After hearing several positive reports, I took three Waymo rides this weekend in SF, including one in the evening with heavy rain. The consumer experience was magical. There was attention to detail along the whole journey. At pickup, the LED sign flashed my initials. When I unlocked the car and entered, there was a welcome greeting. Along the ride, I could see all the people and other vehicles in the vicinity on the screen and how the driving algorithm would navigate the traffic and direct the car. A few minutes before our destination, the vehicle alerted us that we were approaching our destination. Most importantly,  I could have a private conversation or jam to my music while enjoying a smooth ride.

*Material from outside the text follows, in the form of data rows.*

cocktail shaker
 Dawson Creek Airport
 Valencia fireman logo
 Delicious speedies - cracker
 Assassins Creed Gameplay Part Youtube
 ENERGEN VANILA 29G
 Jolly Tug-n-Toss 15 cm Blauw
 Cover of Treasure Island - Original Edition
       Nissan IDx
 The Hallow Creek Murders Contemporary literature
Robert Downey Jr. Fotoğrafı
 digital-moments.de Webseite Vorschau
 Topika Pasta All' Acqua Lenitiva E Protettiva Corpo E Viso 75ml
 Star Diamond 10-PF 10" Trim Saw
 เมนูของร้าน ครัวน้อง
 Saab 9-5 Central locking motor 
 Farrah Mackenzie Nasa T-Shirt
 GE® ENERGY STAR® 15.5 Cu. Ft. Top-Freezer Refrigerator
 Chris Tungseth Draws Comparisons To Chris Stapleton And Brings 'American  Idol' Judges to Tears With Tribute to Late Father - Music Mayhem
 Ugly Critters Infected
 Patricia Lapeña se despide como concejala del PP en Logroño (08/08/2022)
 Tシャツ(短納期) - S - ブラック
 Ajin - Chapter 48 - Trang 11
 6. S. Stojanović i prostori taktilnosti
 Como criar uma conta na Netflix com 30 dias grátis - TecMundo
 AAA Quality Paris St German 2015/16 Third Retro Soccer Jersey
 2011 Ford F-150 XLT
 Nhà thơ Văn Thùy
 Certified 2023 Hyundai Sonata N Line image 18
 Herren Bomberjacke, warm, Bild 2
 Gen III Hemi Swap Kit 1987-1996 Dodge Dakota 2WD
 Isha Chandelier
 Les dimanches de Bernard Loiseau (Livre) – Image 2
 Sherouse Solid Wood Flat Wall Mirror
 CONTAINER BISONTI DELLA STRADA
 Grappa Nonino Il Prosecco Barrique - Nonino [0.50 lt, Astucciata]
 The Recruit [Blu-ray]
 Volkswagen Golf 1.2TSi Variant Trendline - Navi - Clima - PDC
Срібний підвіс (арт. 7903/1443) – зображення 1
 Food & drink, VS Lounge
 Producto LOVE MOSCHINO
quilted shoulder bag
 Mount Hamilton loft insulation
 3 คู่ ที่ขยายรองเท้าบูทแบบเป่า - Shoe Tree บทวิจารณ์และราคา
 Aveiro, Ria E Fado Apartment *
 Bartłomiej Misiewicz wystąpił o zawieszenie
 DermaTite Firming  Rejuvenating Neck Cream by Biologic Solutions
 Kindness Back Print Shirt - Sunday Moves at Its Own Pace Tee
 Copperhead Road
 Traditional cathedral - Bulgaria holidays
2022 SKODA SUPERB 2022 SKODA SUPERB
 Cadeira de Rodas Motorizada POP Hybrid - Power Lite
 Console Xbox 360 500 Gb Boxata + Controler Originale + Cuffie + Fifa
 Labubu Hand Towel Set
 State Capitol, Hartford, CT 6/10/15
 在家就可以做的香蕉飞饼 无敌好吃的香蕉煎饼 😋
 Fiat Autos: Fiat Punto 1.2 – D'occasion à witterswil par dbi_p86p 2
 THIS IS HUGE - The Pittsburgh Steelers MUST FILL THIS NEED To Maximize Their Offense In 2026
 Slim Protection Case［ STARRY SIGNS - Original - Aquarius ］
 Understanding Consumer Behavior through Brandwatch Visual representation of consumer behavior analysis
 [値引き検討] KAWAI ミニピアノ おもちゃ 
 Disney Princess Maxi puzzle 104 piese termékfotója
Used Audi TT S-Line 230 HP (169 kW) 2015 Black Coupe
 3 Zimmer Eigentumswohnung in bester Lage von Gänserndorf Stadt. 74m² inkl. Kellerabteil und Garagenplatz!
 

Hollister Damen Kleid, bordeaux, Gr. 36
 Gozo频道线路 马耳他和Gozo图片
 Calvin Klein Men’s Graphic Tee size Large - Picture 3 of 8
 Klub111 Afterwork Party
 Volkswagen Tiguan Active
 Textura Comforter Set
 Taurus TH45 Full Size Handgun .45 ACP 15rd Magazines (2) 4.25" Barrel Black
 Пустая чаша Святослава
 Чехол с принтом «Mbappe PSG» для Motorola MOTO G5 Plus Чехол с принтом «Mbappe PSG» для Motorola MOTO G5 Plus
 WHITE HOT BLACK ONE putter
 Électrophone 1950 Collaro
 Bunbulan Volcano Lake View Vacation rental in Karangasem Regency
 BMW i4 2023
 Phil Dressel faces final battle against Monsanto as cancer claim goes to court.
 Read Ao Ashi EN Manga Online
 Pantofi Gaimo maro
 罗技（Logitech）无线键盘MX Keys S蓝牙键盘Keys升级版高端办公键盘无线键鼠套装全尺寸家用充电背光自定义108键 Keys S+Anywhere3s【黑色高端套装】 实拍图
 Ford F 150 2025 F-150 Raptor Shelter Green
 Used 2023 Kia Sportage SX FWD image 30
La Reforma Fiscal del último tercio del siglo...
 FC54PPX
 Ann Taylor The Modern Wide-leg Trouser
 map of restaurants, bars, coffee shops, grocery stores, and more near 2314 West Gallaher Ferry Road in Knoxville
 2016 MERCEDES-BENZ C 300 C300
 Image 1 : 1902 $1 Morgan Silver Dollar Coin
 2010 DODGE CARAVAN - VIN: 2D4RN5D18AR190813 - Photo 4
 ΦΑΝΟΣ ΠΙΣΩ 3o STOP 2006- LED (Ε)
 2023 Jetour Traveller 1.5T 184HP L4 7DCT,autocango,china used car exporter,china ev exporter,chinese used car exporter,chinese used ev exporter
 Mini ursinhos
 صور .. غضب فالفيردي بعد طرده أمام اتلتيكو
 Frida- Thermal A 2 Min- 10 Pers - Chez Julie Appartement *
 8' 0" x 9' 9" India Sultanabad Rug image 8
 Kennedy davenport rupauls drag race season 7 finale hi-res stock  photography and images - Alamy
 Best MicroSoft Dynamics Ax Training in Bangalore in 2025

I have dreamed of this day since I heard Sebastian Thrun’s 2011 TED Talk. He shared that he lost his friend Harold to a car accident, and since then, he has been on a quest to save lives, reduce traffic, and recapture time. In 2015, Chris Urmson’s TED Talk explained that 33,000 people die annually in the US due to car accidents and showed the math that across 120m US workers, commuting on average 50 minutes per day, we collectively lose 6 billion minutes per day, which is equivalent to 162 lifetimes per day! These are staggering numbers merely getting from place to place.

Recently, Bloomberg Columnist David Lee wrote an opinion piece entitled “Slow-and-Steady Waymo Is Winning the Self-Driving Race.” While one might believe that Waymo is the tortoise that moves slowly and prioritizes safety, I submit a different perspective.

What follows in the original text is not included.